La paciencia se asocia, casi siempre, a tres infinitivos verbales: aguantar, soportar o tolerar. Se trata de una actitud que puede ayudar a un individuo a sobrellevar las dificultades y los problemas que se le encaran hasta poder conseguir lograr sus objetivos. Job es su “dios”, su ídolo, su mito eterno. El habitual sufrimiento con que suelen amenazar las prisas a todo el mundo es instalado -por ellos, por los pacientes- encima de un altar sobre el cual se ofrece como sacrificio a Job. No hay derramamiento de sangre pero, a cambio, se sublima una dura experiencia: la espera.

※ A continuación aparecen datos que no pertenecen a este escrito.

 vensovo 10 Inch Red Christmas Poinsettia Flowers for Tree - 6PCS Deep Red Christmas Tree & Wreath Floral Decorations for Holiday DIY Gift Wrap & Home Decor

La paciencia puede relacionarse con otra virtud -de la cual también carezco, ¡ay!: la perseverancia, vendible como constancia y firmeza en nuestro proceder a la hora de realizar una determinada tarea o incluso en nuestra forma de ser, en general. Una persona perseverante no permite que los pequeños tropezones la lleven a bajar los brazos y tire la toalla antes de conseguir resultados eficientes. Mi menda tiene un par de segundos de margen antes de arrojarse al vacío si alguna pequeña cosa se le lía pasado ese tiempo de límite. El sólo intento de concentración antes de ponerme manos a la obra ante algo (mecánico o artesanal) a construir o a arreglar o a instalar ya me pone violentamente nervioso; en estos casos, ya no alcanzo a iniciar mi cuenta atrás de los dos segundos citados anteriormente.

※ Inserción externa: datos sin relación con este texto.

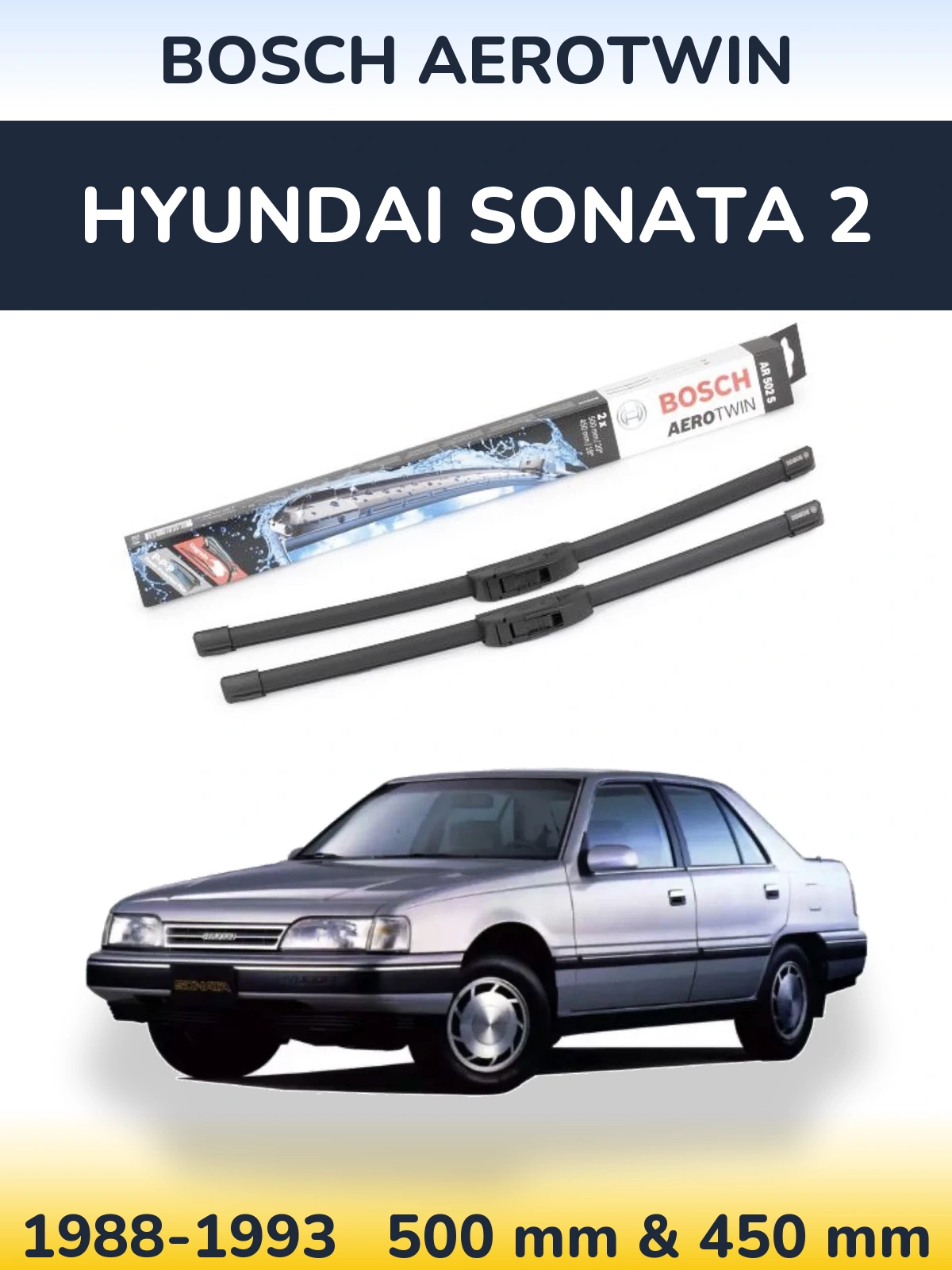 Sada předních stěračů BOSCH AeroTwin 500 a 450 mm pro Hyundai Sonata 2 1988-1993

El auténtico y genuino impaciente se pone a parir ante un cajero automático de banco (exterior o interior) en el cual un pesado se apoya -como si estuviera en la barra de una discoteca- y se dedica a hacer mil operaciones sin tener en cuenta las quinientas personas que están esperando para sacar diez miserables euros. Lo mismo con los que se entretienen ante las taquillas de la estación de tren o en los puestos de check-in de los campos de aviación o en los supermercados o... ¡tanto da que da tanto!

La duración de los semáforos es otro calvario para los impacientes; aunque si cuando la cosa se pone verde, el tío o la tía que se halla en primera linea de fuego tarda seis segundos en arrancar constato en mi cerebelo una sensación de enfado e irritación que ni se sabe. Cuando voy por la calle con el objetivo de entrar en una determinada tienda y veo a alguien (con pinta de pesado y tardón) me disparo a correr como una gacela perseguida por un tigre de bengala y procuro entrar antes para agenciarme el producto que necesito antes de esperar los diez minutos del individuo. Y así, con todo.

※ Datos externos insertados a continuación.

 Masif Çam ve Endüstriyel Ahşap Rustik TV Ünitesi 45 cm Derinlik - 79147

Sólo pretendo que, a los impacientes, se nos conceda un pequeño crédito personal (sin ánimo de lucro) para que los pacientes -ya que lo son y lo demuestran a cara descubierta- nos cedan siempre, siempre, el paso. Ya que tenemos este terrible defecto mental deberíamos gozar de una cierta comprensión por parte de los “sin tiempo”, los “sin reloj” y conseguir que nos dejaran pasar prioritariamente en todos aquellos lugares públicos y privados en los cuales la rapidez forma parte de una cierta cultura positiva.

Total, la impaciencia tiene prisa; pero a ellos, generosos, les importa un pepino esperar y esperar hasta la muerte. E incluso hasta después de finar.

¡Gocen de la espera, hombre y no jodan a los defectuosos impacientes!